▶ _Work instruction_: For the lines from the one with "沙滩海岸线上的热带饮料 — 图库照片" to the end of the listing below, both ends included, give an exact copy and nothing more. Do not copy pictures.

▶ _Data shown_:

◇ ◇ ◇ ◇ ◇ ◇ ◇

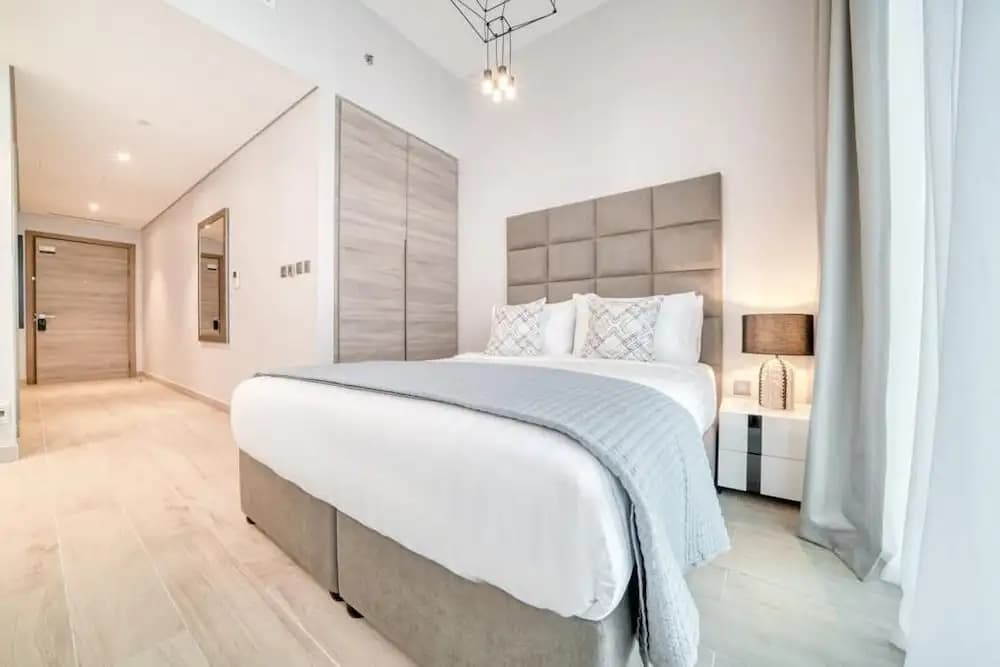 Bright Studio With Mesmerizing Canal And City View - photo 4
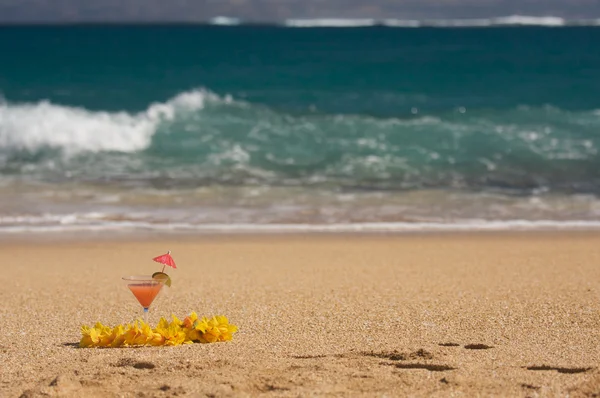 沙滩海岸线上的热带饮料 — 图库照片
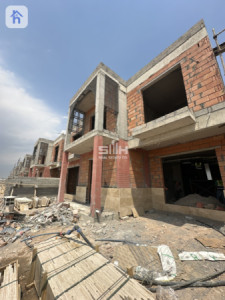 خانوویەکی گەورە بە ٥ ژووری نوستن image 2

◇ ◇ ◇ ◇ ◇ ◇ ◇

▶ _Expected output_:
 沙滩海岸线上的热带饮料 — 图库照片
 خانوویەکی گەورە بە ٥ ژووری نوستن image 2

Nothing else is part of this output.